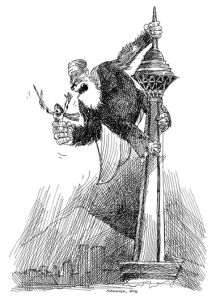 11428009_469164423243802_7438558280911831233_n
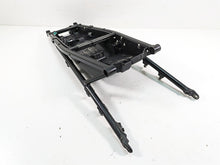Load image into Gallery viewer, 2016 BMW R1200R K53 Straight Subframe & Inner Fender 46518524784 46518524783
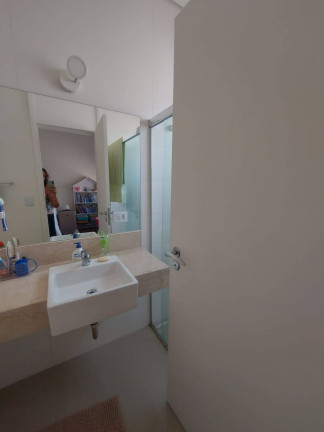 Imagem Casa com 4 Quartos à Venda, 425 m² em Cidade Satélite - Atibaia Imagem Casa com 4 Quartos à Venda, 425 m² em Cidade Satélite - Atibaia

━━━

■ **Exercise objective**
Reproduce all of the data exactly, omitting each picture it holds.

■ **Output for this exercise**
 11428009_469164423243802_7438558280911831233_n
Load image into Gallery viewer, 2016 BMW R1200R K53 Straight Subframe & Inner Fender 46518524784 46518524783
 Imagem Casa com 4 Quartos à Venda, 425 m² em Cidade Satélite - Atibaia Imagem Casa com 4 Quartos à Venda, 425 m² em Cidade Satélite - Atibaia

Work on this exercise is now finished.